If you’ve been considering buying or selling property at any time in the recent past, it’s almost certain you’ve been introduced to the idea of buying or selling via auction.
For the uninitiated the auction process can seem a little daunting, but there’s a reason they are so often recommended to both buyers and vendors – property auctions offer many advantages to both sides of the sale.

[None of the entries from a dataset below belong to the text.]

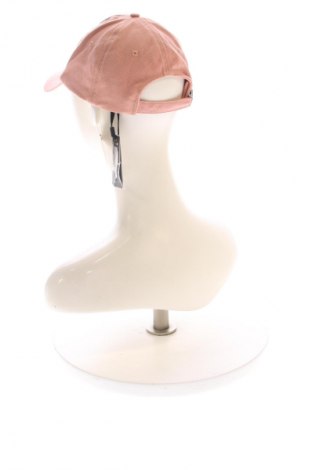 Czapka Tommy Hilfiger, Kolor Popielaty róż, Cena 213,79 zł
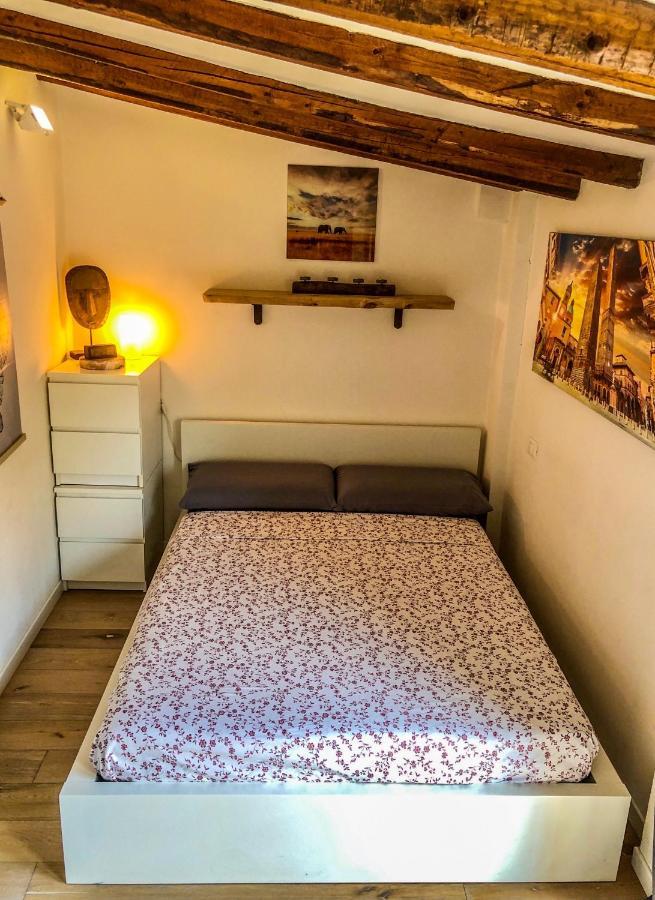 Apartamento Healthy Flat Bologna - Tower Skyline View Exterior foto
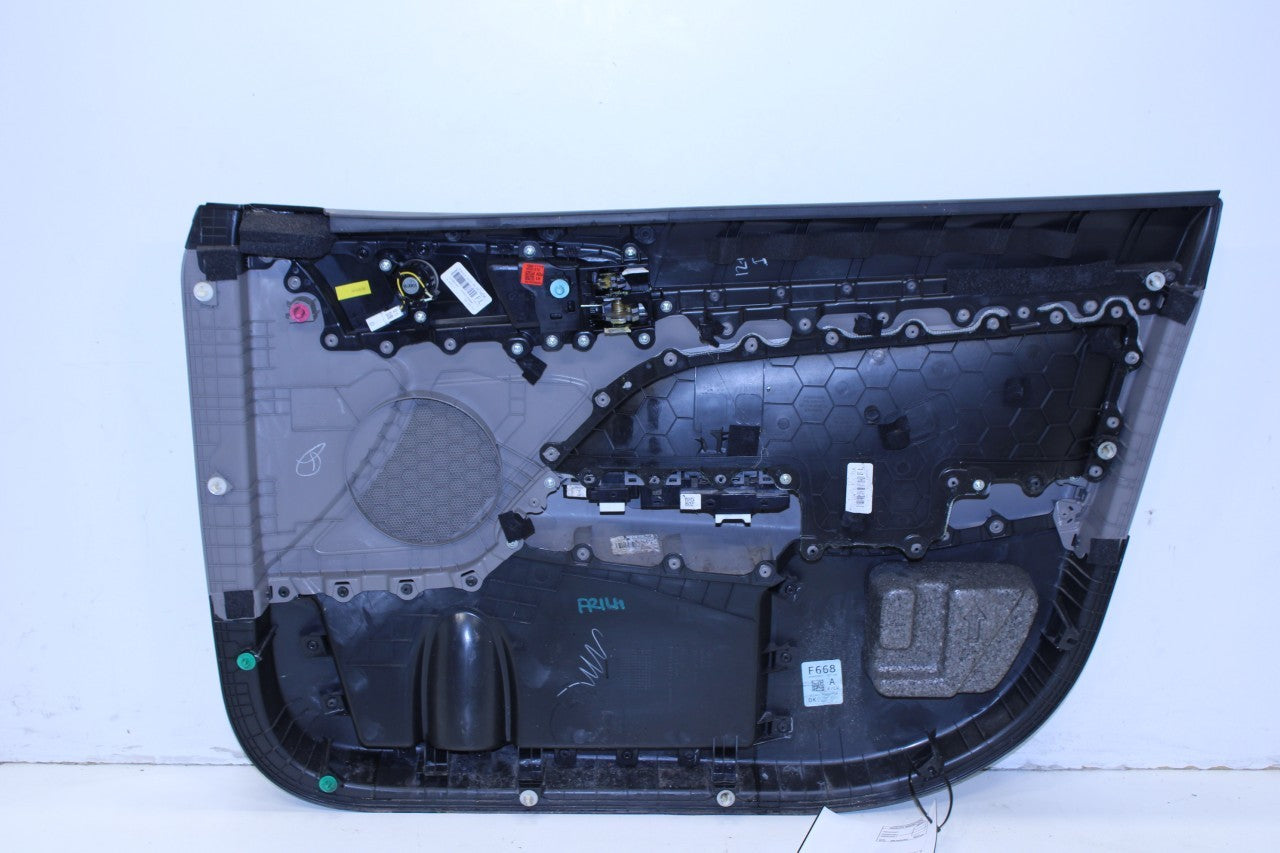 2019-2020 Hyundai Elantra SEL Front Left Driver Door Trim Panel 82305-F3560-PK8 - Alshned Auto Parts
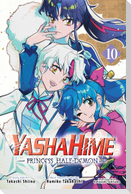 Yashahime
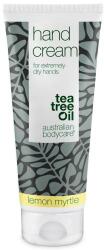 Australian Bodycare Tea Tree Oil Hand Cream Lemon Myrtle cremă de mâini 100 ml pentru femei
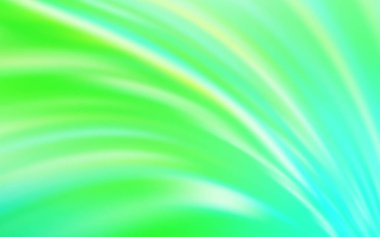 Açık Yeşil vektör modern zarif zemin.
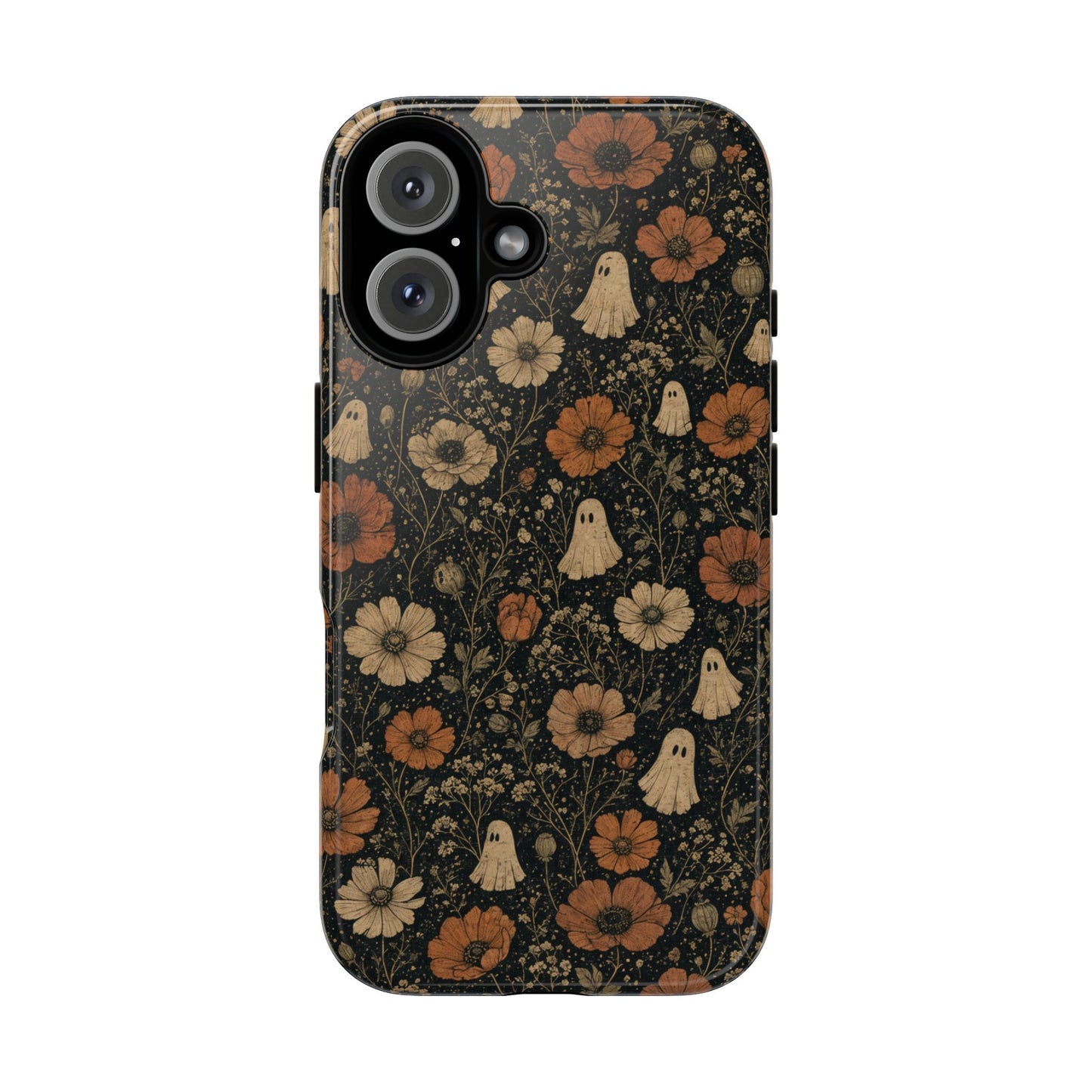 Ghost Poppies Tough Case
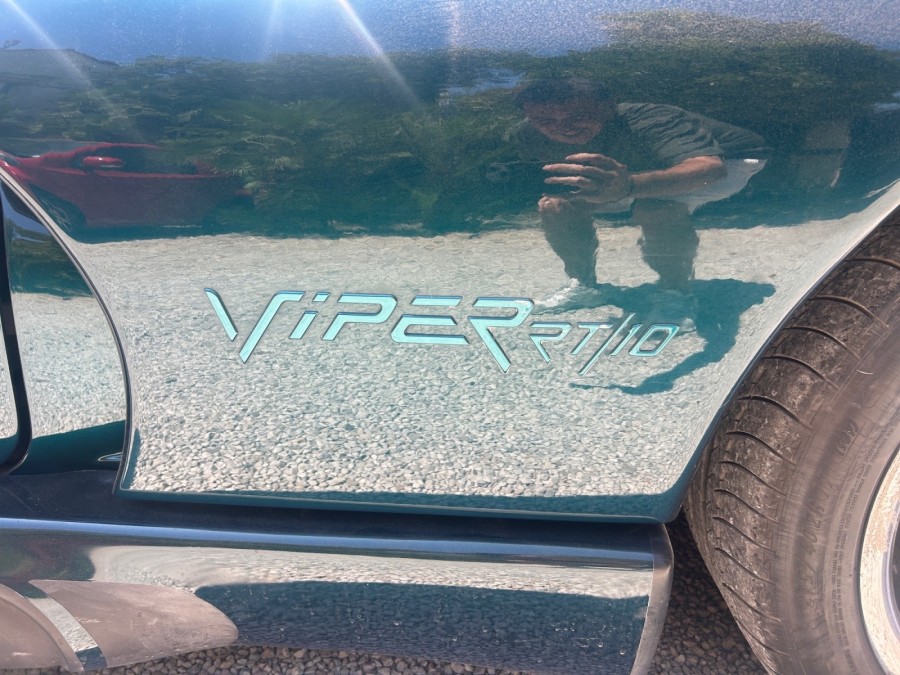 CHRYSLER d'occasion VIPER RT/10 de 1995 Cannes (06)﻿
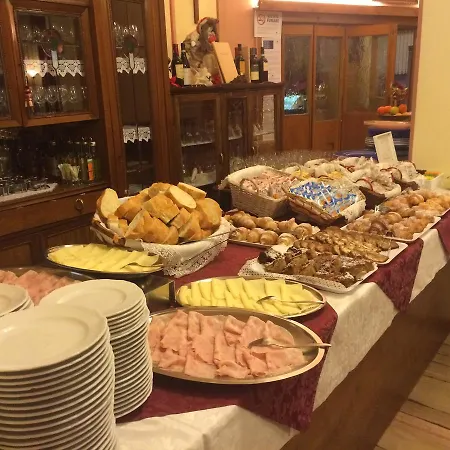 Alle Alpi Отель 3*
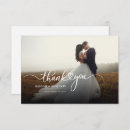 Search for photo wedding note cards Minimalist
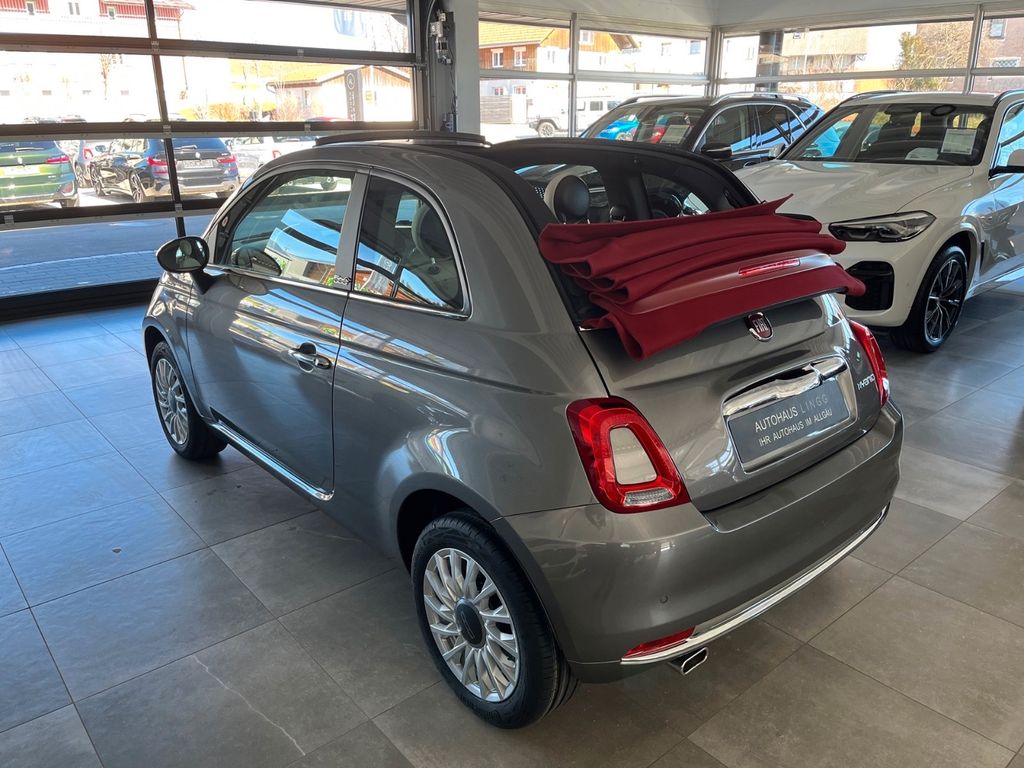 Fiat 500C 2023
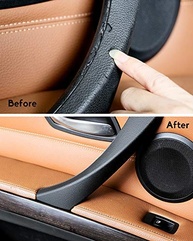 Maçaneta Interna BMW Série 3 E90/E91 Jaronx: Conforto e Durabilidade Renovados - imagem 3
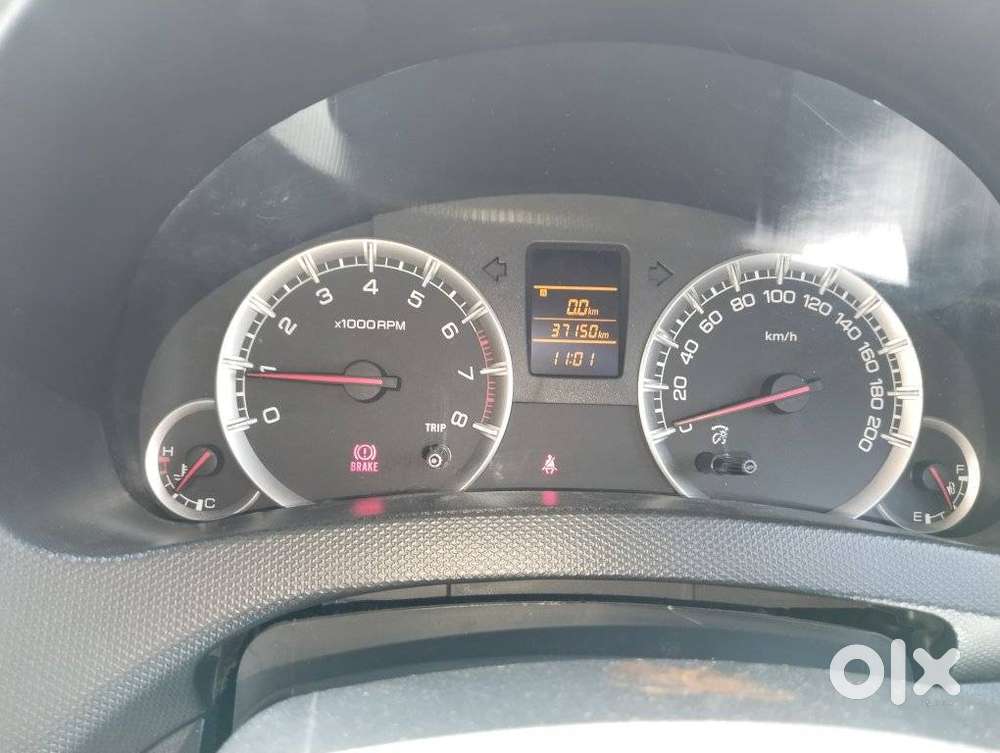 Maruti Suzuki Swift Vxi Windsong Limited Edition, 2017, Petrol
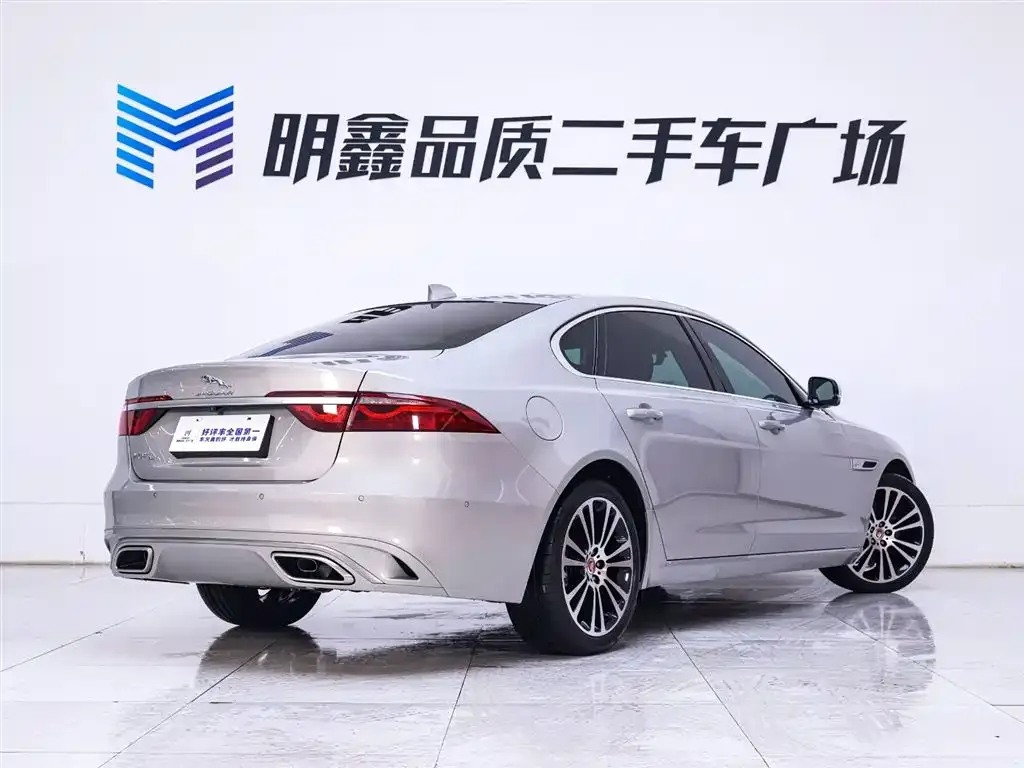Jaguar XFL 2025 из CN, фото 7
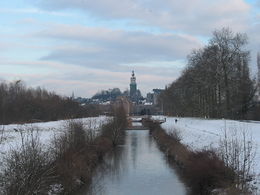 La Héne à Mon.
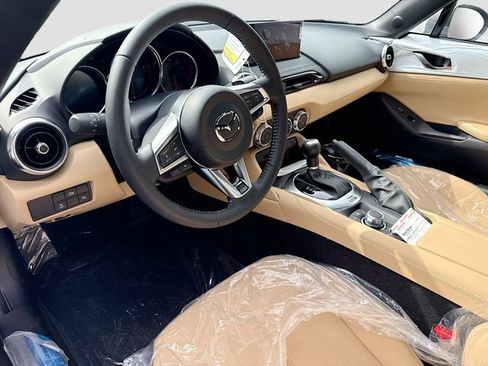New 2026 MAZDA MX-5 Miata Grand Touring w/ Weather Package RWD image 8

For both buyers and sellers the biggest advantage of an auction is transparency. Everybody knows the terms and conditions of sale before they start, and bidders or their representatives are on site during the auction bidding in the open.


If you’re selling:
  • An auction means you set the terms and conditions of sale, mitigating the chances of any surprises at settlement.
  • Marketing with no fixed price broadens the pool of cash-in-hand buyers who will look at your property.
  • You have a fixed, relatively short marketing period where your Harcourts sales consultant can gauge the level of interest in your property and what prospective buyers might be prepared to pay.
  • The auction itself generates a sense of urgency and competition which brings buyers to a decision.
What you need to do to prepare:
  • Your sales consultant should walk you through a detailed marketing plan from the images that’ll be selected and advertised, the copy that will be included, and the schedule of open homes, to where the property will be advertised. You should have daily updates from your consultant and a face-to-face meeting once a week, to make sure you’re up to date. They should also provide you with a written report on the marketing campaign and interest from prospective buyers.
  • Talk to your sales consultant about what is happening in the market, specifically around your area and with properties similar to yours.
  • Use that market information, and feedback from prospective buyers to set a realistic reserve price. Be clear about your best price, which is the figure you’d be very happy to accept. But also have in mind your “OK” price and your “accepted price” – which is the figure you wouldn’t be thrilled with but given market conditions you’d be prepared to accept.
  • Remember, at all times during an auction, you’re in control as the seller. If a bid is high enough take it. If not, don’t.
  • REMEMBER: the reason for not taking an offer needs to be greater than the reason the home is on the market in the first place.

    If you’re buying:
  • An auction means you know exactly who your competition is on the day.
  • All buyers are given fair opportunity to buy.
  • Negotiations are open for all to see.
  • You know you are dealing with sellers who want to sell on the day.
  • At the fall of the hammer, the auction is final and your successful bid means the property is yours with no further negotiations, and the contract is signed then and there.
What you need to do to prepare before auction:
  • Have your finances organised by auction date. Know exactly what you can afford to bid. If you’re successful on the day you’ll be asked to sign the sales agreement and pay a deposit. This is normally 10% of the purchase price.
  • It’s also a good idea to have your other affairs sorted by this date, such as the sale of your existing property, organising a check of the property you’re bidding on and familiarising yourself with auction documents.
  • Have your solicitor inspect the property title and all legal matters related to the prospective purchase.
  • Talk to your Harcourts sales consultant to gain a better insight into the local market, so you can accurately assess the market value of the property. You should also consider obtaining an independent property valuation.
  • If you’re new to auctions visit a few before attending the auction of the property you wish to bid on. It will familiarise you with the process.
  • Sometimes the property may be sold prior to auction day. You can submit a pre-auction offer to the property owner for their consideration – a key step of identifying your interest in the property. If you have let the sales consultant know you are interested in the property and another purchaser submits a pre-auction offer, you’ll be given the opportunity to submit your own offer.